Together, these projects demonstrate how a simple RISC-V microarchitecture can be adapted across platforms, with the ASIC implementation explicitly addressing physical realism, memory timing, stall behavior, and post-layout timing closure.

Note: This writeup describes my design approach and engineering process for a course project. Implementation details and source code are not included to respect academic integrity.

2. ASIC Implementation

Technology and Design Flow

The ASIC implementation targeted a standard-cell flow with synchronous SRAM macros, reflecting constraints commonly encountered in industrial ASIC designs.

ISA: 32-bit RISC-V (RV32I)
RTL: Verilog (SystemVerilog testbenches)
Process: SkyWater 130 nm
SRAMs: SRAM22-generated hard macros
Flow Orchestration: Hammer

EDA Toolchain

Simulation: Synopsys VCS
Synthesis: Cadence Genus
Place & Route + CTS: Cadence Innovus
Post-layout Timing Analysis: Cadence Innovus

Physical verification (DRC/LVS) was out of scope for this project; full physical verification was performed in a separate tapeout project linked here.

Pipeline Architecture

Implemented a 3-stage pipeline (IF/ID, EX/MEM, WB) with:

Forwarding logic to resolve data hazards
Stall control integrated with cache behavior
Branch resolution with misprediction handling

The design required careful analysis of hazard conditions and bypass timing to minimize stalls while maintaining timing closure.

Datapath and Control

Key Datapath Components

The datapath includes:

Program Counter and next-PC logic
Instruction cache interface
Register file
Immediate generator and branch comparator
ALU
Data cache interface

Supporting logic includes:

Pipeline stall control driven by cache state
Partial load/store handling for byte and halfword accesses

Stalling and Hazard Management

The forwarding network minimizes stalls from data hazards, with remaining stalls primarily driven by cache behavior. Cache policy selection required careful analysis of stall frequency versus implementation complexity in a short pipeline.

Control Logic

Control logic is implemented using explicit combinational decoding with control signals pipelined alongside datapath values.
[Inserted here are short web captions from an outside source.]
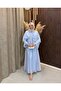 Elin Cloak Detailed Brooched 3-Piece Set |   Blue - 2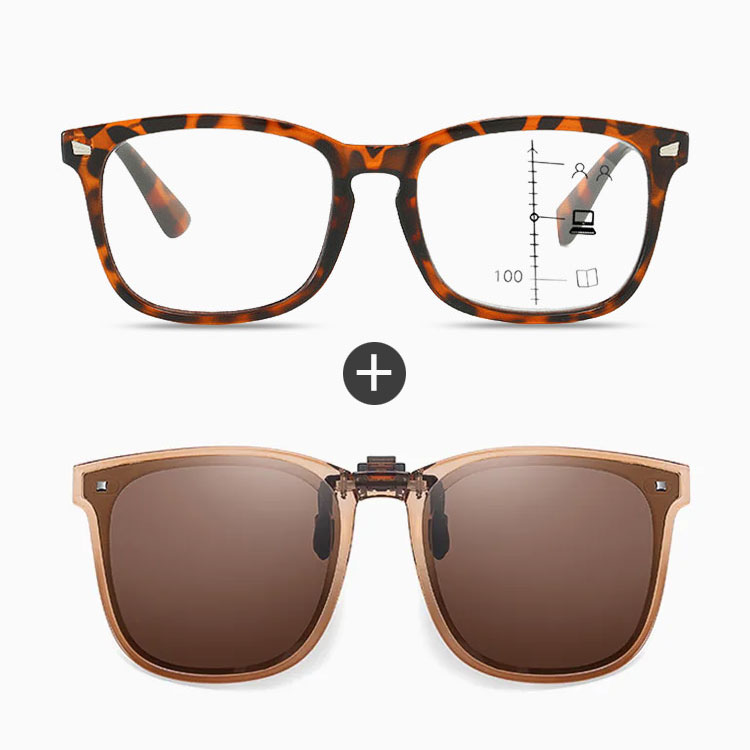 遠近両用累進多焦点ブルーライトカットビッグフレーム老眼鏡 | Wellington Progressive | Eterlens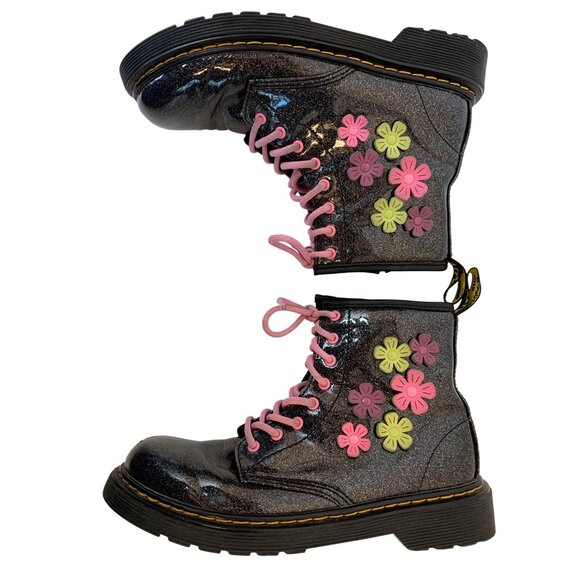 Dr. Martens Junior 1460  Glitter Boots Flower Applique Size 5 Women $137 D7971 - Picture 4 of 13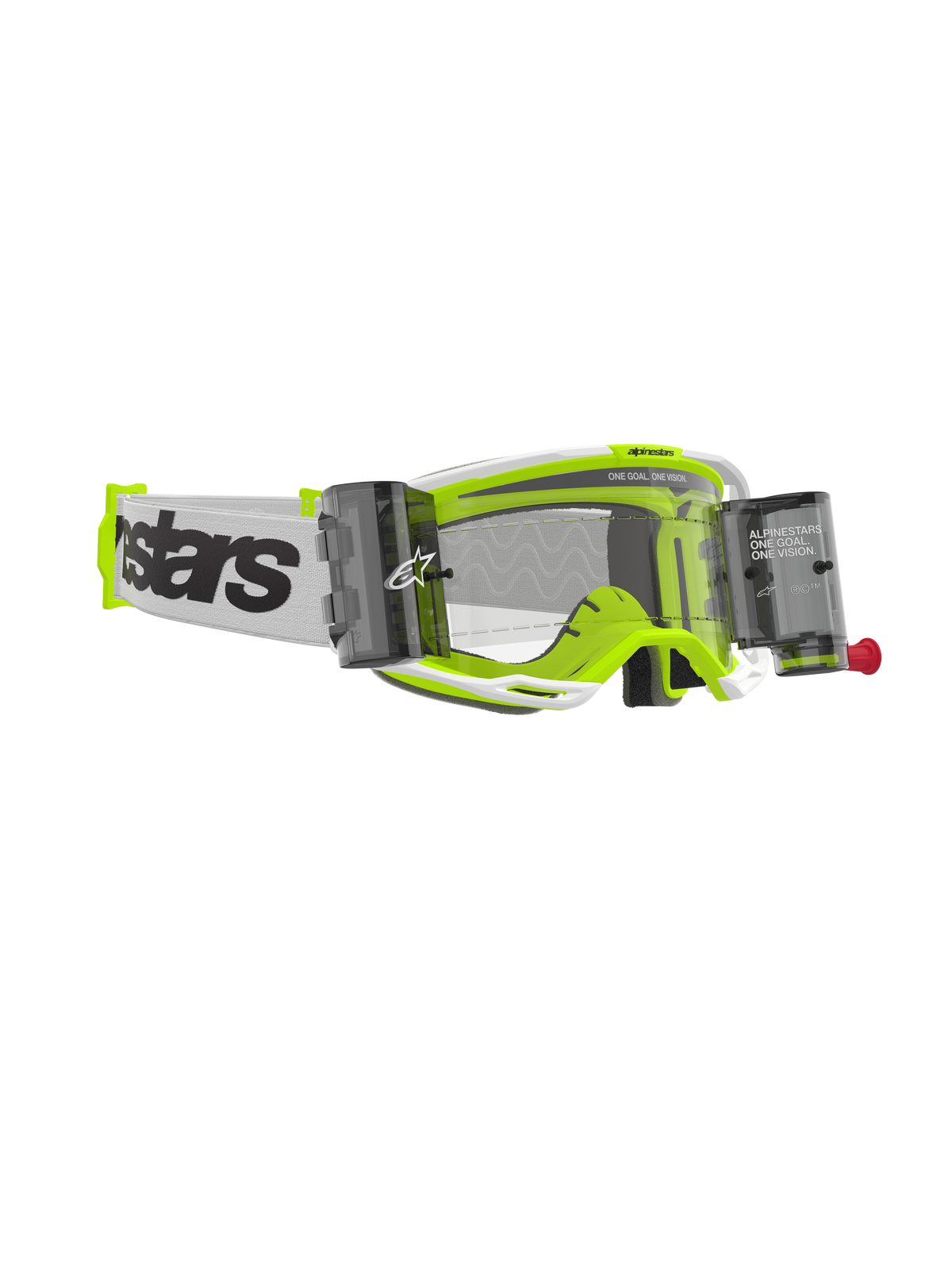 Alpinestars Vision 8 Wordmark Goggles Roll Off, occhiali da motocross, montatura bianca e giallo fluorescente, lente trasparente con contenitori roll-off integrati, fascia bianca con logo nero, occhiali da fuoristrada ad alte prestazioni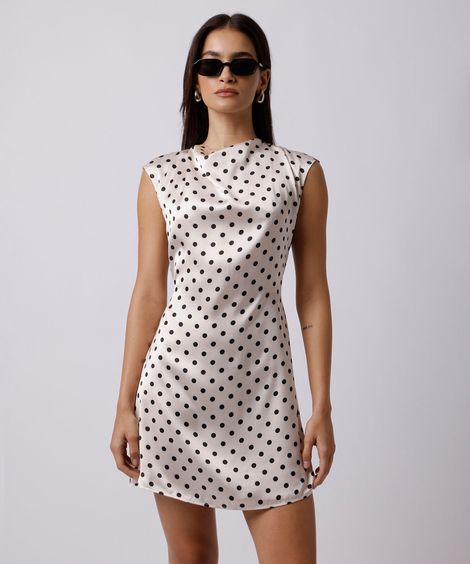 vestido curto feminino acetinado poá mindset off white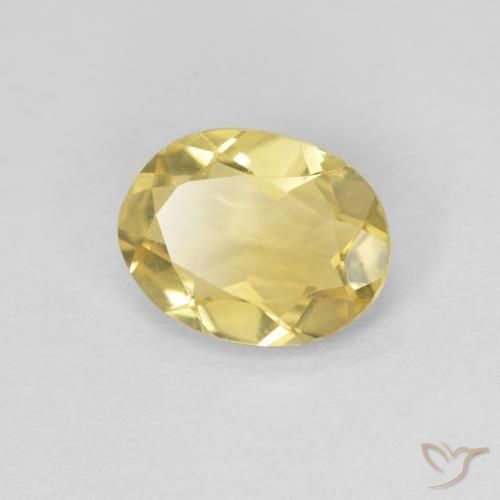 Berillo Giallo dorato chiaro naturale da 1.42 ct, Ovale, VVS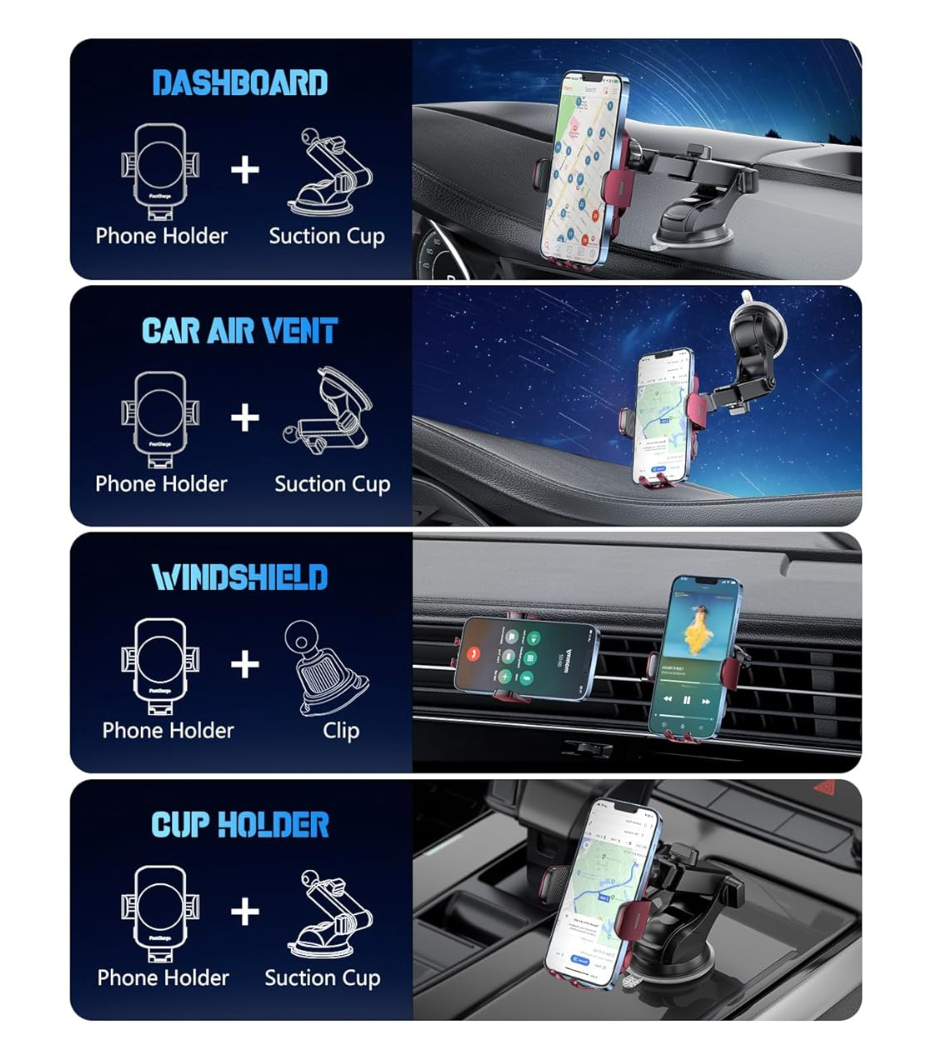 15W Wireless Car Charger - Smart & Fast Charging, Enhanced Suction Power, Robust Auto-Clamping for Secure Mounting - Perfect for iPhone 14/13/12 & Samsung Galaxy S23/S22/S20, etc, Red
This approach avoids ROM-based decode, simplifies debugging, and maps cleanly onto RV32I semantics. It also avoids introducing additional timing pressure in a tight pipeline.

Cache Architecture

4 KiB Direct-Mapped Write-Back Cache

The CPU integrates a direct-mapped, write-back cache with:

Cache lines sized for efficient refill over a multi-beat external memory interface
Separate data and metadata storage using dedicated SRAM macros
Multi-state FSM managing: idle detection, tag comparison, multi-cycle refill, and dirty eviction

The cache organization balanced timing closure constraints with refill efficiency, avoiding unnecessarily deep FSM pipelines while maintaining single-cycle hit latency.

Additional Cache Implementation Notes

Data storage was partitioned into multiple SRAM banks to enable concurrent access and simplify physical placement. Bank organization was chosen to align with the external memory interface width, minimizing refill latency while maintaining timing closure.

The refill process balances memory bandwidth utilization with state machine complexity, completing line refills over multiple memory transactions without introducing unnecessary pipeline bubbles.

Timing Closure and Physical Design

Timing Results

The design closed timing at a 20.0 ns clock period (50 MHz) post-PAR with reasonable slack margins post-synthesis and post-PAR.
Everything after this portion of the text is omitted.